=== TASK ITEM ===
Transcribe the entries exactly; images are not part of the copy.

=== Image-text web data ===
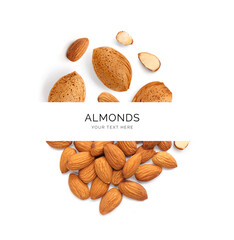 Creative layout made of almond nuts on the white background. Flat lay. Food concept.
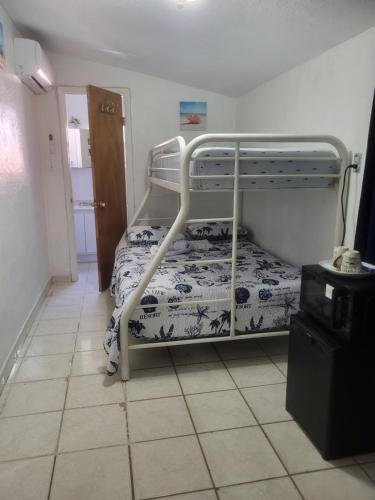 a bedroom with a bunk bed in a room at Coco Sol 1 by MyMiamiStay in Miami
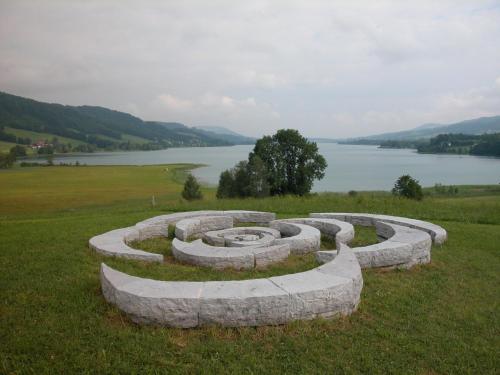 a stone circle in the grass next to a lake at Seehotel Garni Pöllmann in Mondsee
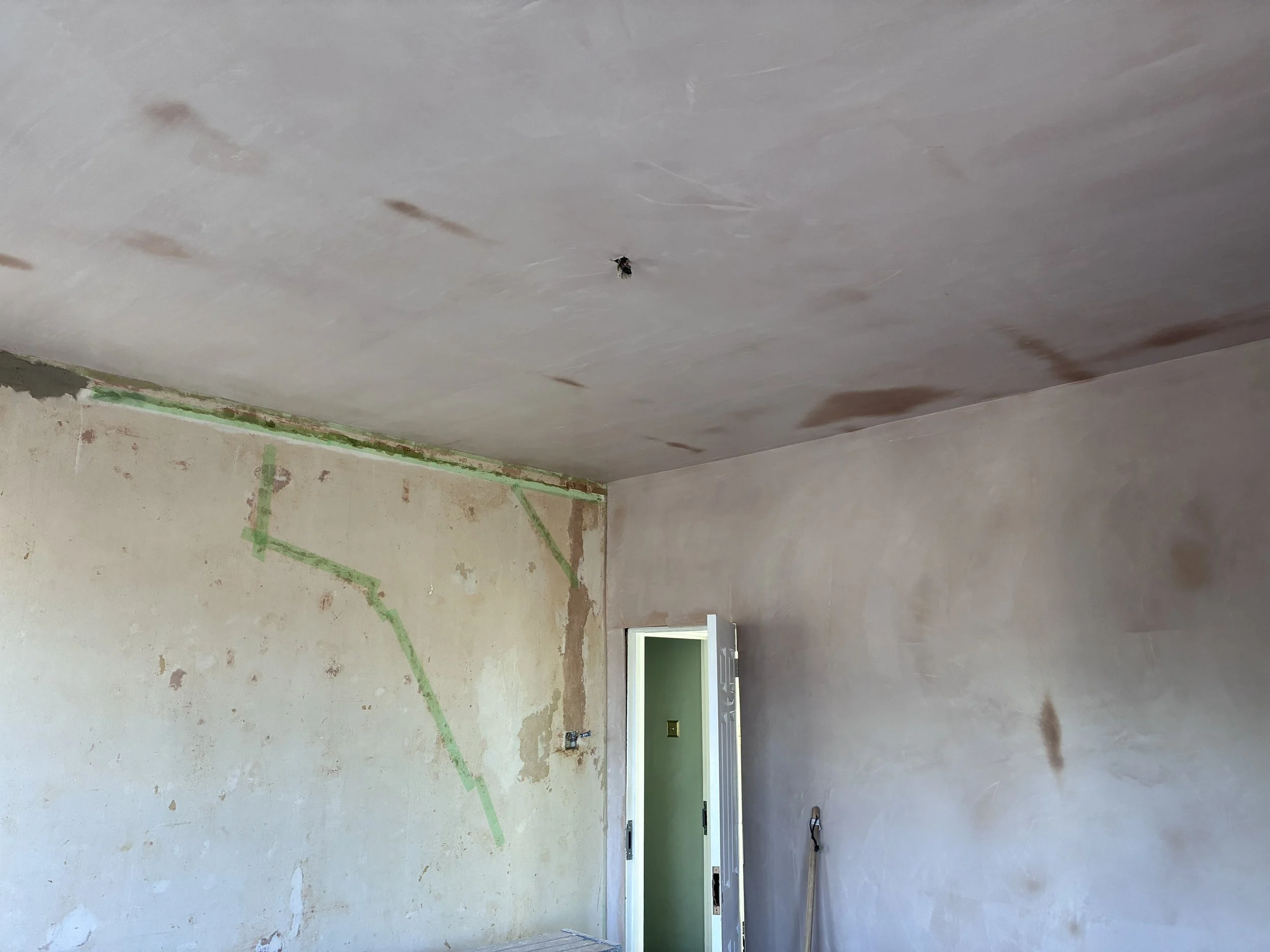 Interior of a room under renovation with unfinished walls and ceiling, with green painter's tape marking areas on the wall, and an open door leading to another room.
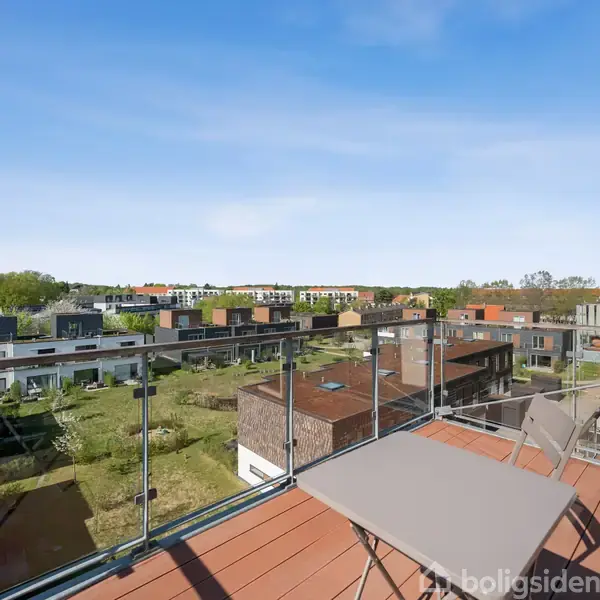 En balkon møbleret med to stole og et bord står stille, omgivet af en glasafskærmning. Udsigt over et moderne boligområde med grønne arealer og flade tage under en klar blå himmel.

=== SOLUTION TO THIS TASK ===
 Creative layout made of almond nuts on the white background. Flat lay. Food concept.
 a bedroom with a bunk bed in a room at Coco Sol 1 by MyMiamiStay in Miami
 a stone circle in the grass next to a lake at Seehotel Garni Pöllmann in Mondsee
 Interior of a room under renovation with unfinished walls and ceiling, with green painter's tape marking areas on the wall, and an open door leading to another room.
 En balkon møbleret med to stole og et bord står stille, omgivet af en glasafskærmning. Udsigt over et moderne boligområde med grønne arealer og flade tage under en klar blå himmel.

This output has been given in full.